So much for the views of home-staying sages on the terrestrial Eden. Let us now turn to the testimony of a traveller. Inventive as was the unscrupulous author of Sir John Mandeville’s Travels — who veiled his real identity under the name of that apocryphal knight — there seems no reason to doubt that he had some personal acquaintance with the East. Thus he attained some knowledge both of India and of Cathay, and therefore localized it in neither, but to the south-east, “hard by the land of Prester John.” He is gracious enough to confess that he never went there himself, both because of the distance and of his own unworthiness, but gives us some accounts drawn from conversations with those who had striven to approach it : —

“Paradys,” he had learnt, “is enclosed all about with a wall, of which men know not the matter. For it is covered all over with mosse as it seemeth, and is not of the natur of stone. And that wall stretcheth from the south to the north, and hath but one entry, that is closed with fire burning, so that men may not enter. And ye should understand that no man may by any means approach to that Paradys. For by land no man may go for the wild beasts that are in the deserts, and for the high mountains and huge rocks, and for the dark places that be there right many. And by the rivers may no man go, for that the water runneth rudely and sharpely, because that it cometh down outrageously from the high places above. And it runneth in so great waves that no ship may not row nor sail against it ; and the water roareth so, and maketh so huge noise and so great tempest, that no man may hear other in the ship, though he cry with all the might he have, in the highest voice that he may. Many great lords have essayed with great will many times for to pass by that river toward Paradys, with full great companies; but they might not speed in their voyage: and many died for ‘weariness of rowing against the strong waves; and many became blind, and many deaf, for the dashing and noise of the water; and some were perished and lost within the waves, — so that no mortalle man may approach to that place without special grace of God: therefore of Paradys can I say you no more.”
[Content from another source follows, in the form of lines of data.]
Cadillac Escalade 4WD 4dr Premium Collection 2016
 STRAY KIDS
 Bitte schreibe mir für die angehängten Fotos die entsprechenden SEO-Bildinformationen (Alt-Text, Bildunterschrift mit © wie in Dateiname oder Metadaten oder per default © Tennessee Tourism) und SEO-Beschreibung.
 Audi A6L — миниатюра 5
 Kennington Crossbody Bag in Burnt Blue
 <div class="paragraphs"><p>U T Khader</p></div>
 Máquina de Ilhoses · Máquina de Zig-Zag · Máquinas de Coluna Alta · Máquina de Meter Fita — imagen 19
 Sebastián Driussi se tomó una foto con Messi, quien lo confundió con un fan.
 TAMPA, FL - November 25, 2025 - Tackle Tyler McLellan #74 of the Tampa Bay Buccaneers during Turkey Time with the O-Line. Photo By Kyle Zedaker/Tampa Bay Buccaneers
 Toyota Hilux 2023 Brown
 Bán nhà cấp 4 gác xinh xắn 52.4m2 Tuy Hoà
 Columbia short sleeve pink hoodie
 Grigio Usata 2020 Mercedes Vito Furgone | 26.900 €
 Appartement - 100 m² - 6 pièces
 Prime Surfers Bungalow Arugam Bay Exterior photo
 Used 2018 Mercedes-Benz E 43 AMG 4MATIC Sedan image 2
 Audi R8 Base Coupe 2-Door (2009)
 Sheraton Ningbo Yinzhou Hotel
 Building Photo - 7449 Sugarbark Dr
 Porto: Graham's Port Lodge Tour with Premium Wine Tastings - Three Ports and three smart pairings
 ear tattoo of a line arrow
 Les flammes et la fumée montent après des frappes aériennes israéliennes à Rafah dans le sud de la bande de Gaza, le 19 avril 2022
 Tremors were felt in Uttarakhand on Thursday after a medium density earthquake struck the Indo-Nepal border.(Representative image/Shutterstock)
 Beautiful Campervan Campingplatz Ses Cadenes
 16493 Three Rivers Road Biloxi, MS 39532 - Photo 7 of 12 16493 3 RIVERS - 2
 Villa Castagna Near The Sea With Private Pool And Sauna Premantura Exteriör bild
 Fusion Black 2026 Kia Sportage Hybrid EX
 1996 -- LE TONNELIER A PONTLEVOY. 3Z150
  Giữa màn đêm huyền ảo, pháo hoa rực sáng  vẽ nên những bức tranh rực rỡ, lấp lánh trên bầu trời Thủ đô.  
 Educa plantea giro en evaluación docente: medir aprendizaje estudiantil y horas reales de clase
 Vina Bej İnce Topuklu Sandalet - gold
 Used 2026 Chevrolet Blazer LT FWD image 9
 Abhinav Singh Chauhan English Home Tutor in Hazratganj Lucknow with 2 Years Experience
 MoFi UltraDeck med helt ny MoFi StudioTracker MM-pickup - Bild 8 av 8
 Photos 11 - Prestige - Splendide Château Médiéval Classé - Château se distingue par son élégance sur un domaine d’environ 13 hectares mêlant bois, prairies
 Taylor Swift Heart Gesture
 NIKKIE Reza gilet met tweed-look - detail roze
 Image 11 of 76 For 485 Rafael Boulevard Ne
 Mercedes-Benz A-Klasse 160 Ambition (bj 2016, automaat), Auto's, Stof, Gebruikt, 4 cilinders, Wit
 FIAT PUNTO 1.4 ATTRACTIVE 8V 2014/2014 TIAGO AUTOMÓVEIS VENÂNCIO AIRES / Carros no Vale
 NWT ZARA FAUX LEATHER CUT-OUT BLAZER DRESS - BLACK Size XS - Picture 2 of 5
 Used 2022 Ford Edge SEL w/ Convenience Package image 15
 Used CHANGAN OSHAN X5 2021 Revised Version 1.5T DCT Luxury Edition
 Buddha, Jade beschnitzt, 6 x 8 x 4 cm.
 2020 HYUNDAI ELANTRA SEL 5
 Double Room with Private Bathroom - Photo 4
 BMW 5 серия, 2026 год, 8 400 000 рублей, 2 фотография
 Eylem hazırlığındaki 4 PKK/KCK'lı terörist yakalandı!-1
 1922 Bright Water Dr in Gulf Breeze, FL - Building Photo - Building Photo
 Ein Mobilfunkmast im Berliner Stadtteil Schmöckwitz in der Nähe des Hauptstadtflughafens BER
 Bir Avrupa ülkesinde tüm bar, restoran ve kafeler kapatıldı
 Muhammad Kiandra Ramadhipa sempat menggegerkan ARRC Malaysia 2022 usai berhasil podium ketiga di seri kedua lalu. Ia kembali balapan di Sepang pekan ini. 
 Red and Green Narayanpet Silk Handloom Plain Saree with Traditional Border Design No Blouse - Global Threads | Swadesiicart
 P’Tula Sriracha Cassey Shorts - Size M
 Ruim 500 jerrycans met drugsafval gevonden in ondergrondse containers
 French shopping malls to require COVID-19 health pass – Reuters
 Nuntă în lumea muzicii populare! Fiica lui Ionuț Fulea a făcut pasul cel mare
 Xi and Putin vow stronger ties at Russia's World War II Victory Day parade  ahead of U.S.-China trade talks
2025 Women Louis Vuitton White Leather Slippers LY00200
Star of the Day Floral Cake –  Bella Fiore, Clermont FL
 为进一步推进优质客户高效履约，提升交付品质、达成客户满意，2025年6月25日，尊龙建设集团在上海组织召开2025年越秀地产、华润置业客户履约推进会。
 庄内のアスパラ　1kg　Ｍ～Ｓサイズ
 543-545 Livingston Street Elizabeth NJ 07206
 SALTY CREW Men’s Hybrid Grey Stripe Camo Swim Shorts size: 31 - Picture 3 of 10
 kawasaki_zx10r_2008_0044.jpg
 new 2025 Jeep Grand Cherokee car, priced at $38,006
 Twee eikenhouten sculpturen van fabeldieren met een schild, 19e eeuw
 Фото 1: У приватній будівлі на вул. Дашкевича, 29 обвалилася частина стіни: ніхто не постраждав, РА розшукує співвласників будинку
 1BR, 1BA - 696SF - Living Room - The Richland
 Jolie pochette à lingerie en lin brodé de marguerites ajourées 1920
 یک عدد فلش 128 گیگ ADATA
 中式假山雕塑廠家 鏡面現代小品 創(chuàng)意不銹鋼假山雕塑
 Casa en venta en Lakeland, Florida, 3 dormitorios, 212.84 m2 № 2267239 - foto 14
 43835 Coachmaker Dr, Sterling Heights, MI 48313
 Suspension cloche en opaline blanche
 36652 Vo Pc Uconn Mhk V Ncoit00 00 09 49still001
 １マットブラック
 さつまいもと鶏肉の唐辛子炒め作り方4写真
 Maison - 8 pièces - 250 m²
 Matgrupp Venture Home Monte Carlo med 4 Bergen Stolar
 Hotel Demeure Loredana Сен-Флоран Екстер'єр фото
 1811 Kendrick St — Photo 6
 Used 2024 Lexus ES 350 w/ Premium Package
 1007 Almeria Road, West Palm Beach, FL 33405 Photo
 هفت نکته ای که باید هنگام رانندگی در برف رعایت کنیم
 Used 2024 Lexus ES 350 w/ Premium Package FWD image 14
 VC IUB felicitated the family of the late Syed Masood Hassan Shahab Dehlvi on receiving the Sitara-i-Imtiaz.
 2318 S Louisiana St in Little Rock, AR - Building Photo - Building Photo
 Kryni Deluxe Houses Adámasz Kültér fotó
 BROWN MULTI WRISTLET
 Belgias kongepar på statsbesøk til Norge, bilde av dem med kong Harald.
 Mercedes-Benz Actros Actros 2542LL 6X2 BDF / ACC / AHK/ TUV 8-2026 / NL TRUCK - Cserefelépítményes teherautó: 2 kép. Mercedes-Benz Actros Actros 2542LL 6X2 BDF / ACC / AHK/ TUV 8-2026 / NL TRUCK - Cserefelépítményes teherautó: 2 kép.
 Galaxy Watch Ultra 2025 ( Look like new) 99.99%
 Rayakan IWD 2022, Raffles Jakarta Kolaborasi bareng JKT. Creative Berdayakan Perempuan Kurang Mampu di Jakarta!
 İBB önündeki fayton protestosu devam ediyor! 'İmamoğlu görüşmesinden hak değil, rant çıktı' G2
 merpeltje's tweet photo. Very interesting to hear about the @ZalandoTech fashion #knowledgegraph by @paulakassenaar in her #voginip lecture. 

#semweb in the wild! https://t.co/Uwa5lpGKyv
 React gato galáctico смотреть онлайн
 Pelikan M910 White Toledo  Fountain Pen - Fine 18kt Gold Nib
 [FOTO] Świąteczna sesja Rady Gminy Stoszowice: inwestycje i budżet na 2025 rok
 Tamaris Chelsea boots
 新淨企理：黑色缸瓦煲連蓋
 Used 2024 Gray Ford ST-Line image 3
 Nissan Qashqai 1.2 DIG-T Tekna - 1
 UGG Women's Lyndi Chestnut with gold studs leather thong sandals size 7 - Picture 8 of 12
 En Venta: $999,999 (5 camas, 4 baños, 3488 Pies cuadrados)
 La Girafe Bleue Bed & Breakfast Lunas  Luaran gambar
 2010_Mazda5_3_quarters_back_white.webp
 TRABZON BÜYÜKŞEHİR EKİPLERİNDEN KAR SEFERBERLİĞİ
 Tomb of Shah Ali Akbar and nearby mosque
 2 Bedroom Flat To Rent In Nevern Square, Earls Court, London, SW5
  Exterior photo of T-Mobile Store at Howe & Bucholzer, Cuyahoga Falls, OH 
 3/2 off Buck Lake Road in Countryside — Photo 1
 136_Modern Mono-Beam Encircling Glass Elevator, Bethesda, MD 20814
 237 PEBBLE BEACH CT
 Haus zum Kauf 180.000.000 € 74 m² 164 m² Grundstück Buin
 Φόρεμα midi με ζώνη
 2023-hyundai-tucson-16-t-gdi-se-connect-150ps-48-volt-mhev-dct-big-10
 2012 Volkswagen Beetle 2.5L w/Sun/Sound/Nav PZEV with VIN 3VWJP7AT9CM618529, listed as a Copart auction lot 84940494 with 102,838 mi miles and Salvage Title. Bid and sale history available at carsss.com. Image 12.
Among these great lords whom the pseudo-Mandeville mentions, was, according to Paludanus, no less a person than Alexander the Great himself. Indeed we are told that his Eastern conquests were especially undertaken for the purpose of attaining to the Earthly Paradise. When he had reached India, and was nearing his goal, some of his soldiers captured a venerable old man in a ravine, and were about to conduct him to their king, when he said, “Go and announce to Alexander that it is in vain that he seeks Paradise; all his efforts will be fruitless, for the way of Paradise is humility, a way of which he knows nothing.” And in truth Alexander could pursue his purpose no longer from that day, because of the mutiny of his soldiers, who would go no further from their native land.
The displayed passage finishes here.